> _Records shown_:
|---|
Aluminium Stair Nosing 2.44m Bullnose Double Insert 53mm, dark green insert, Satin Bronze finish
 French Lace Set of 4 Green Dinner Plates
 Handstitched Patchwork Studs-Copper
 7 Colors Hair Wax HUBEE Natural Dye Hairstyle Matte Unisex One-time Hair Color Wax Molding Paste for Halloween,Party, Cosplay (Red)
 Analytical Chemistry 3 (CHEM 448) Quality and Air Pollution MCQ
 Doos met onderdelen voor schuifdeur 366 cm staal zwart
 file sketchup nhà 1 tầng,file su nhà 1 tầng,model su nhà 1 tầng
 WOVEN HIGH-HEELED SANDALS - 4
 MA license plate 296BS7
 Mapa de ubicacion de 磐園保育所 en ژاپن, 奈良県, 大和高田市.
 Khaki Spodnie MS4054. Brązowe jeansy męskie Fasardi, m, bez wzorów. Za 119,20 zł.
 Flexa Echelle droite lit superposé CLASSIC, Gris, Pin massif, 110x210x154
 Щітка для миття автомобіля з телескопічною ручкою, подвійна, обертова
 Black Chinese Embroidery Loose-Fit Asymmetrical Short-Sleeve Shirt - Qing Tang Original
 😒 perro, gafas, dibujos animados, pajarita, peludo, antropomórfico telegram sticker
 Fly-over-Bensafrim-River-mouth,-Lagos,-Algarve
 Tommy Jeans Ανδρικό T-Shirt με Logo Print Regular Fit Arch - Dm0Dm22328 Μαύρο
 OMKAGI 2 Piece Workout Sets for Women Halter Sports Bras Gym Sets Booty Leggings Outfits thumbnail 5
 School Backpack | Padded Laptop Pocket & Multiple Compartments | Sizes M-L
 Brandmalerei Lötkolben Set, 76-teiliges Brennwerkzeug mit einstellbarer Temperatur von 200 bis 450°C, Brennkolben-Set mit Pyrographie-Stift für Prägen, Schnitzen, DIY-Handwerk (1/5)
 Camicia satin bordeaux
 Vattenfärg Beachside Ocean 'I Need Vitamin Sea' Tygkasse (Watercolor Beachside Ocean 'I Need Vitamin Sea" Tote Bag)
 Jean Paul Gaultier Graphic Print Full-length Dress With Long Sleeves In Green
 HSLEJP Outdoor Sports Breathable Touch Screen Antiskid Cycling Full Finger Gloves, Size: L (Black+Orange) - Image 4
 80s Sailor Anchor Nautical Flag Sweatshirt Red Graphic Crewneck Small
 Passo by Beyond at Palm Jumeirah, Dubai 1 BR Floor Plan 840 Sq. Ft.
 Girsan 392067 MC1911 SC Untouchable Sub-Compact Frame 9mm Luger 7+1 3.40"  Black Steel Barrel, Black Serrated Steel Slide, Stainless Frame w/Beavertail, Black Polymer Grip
|---|
> _Your objective_: All of the lines above must be returned exactly as they stand.

> _Reply_:
Aluminium Stair Nosing 2.44m Bullnose Double Insert 53mm, dark green insert, Satin Bronze finish
 French Lace Set of 4 Green Dinner Plates
 Handstitched Patchwork Studs-Copper
 7 Colors Hair Wax HUBEE Natural Dye Hairstyle Matte Unisex One-time Hair Color Wax Molding Paste for Halloween,Party, Cosplay (Red)
 Analytical Chemistry 3 (CHEM 448) Quality and Air Pollution MCQ
 Doos met onderdelen voor schuifdeur 366 cm staal zwart
 file sketchup nhà 1 tầng,file su nhà 1 tầng,model su nhà 1 tầng
 WOVEN HIGH-HEELED SANDALS - 4
 MA license plate 296BS7
 Mapa de ubicacion de 磐園保育所 en ژاپن, 奈良県, 大和高田市.
 Khaki Spodnie MS4054. Brązowe jeansy męskie Fasardi, m, bez wzorów. Za 119,20 zł.
 Flexa Echelle droite lit superposé CLASSIC, Gris, Pin massif, 110x210x154
 Щітка для миття автомобіля з телескопічною ручкою, подвійна, обертова
 Black Chinese Embroidery Loose-Fit Asymmetrical Short-Sleeve Shirt - Qing Tang Original
 😒 perro, gafas, dibujos animados, pajarita, peludo, antropomórfico telegram sticker
 Fly-over-Bensafrim-River-mouth,-Lagos,-Algarve
 Tommy Jeans Ανδρικό T-Shirt με Logo Print Regular Fit Arch - Dm0Dm22328 Μαύρο
 OMKAGI 2 Piece Workout Sets for Women Halter Sports Bras Gym Sets Booty Leggings Outfits thumbnail 5
 School Backpack | Padded Laptop Pocket & Multiple Compartments | Sizes M-L
 Brandmalerei Lötkolben Set, 76-teiliges Brennwerkzeug mit einstellbarer Temperatur von 200 bis 450°C, Brennkolben-Set mit Pyrographie-Stift für Prägen, Schnitzen, DIY-Handwerk (1/5)
 Camicia satin bordeaux
 Vattenfärg Beachside Ocean 'I Need Vitamin Sea' Tygkasse (Watercolor Beachside Ocean 'I Need Vitamin Sea" Tote Bag)
 Jean Paul Gaultier Graphic Print Full-length Dress With Long Sleeves In Green
 HSLEJP Outdoor Sports Breathable Touch Screen Antiskid Cycling Full Finger Gloves, Size: L (Black+Orange) - Image 4
 80s Sailor Anchor Nautical Flag Sweatshirt Red Graphic Crewneck Small
 Passo by Beyond at Palm Jumeirah, Dubai 1 BR Floor Plan 840 Sq. Ft.
 Girsan 392067 MC1911 SC Untouchable Sub-Compact Frame 9mm Luger 7+1 3.40"  Black Steel Barrel, Black Serrated Steel Slide, Stainless Frame w/Beavertail, Black Polymer Grip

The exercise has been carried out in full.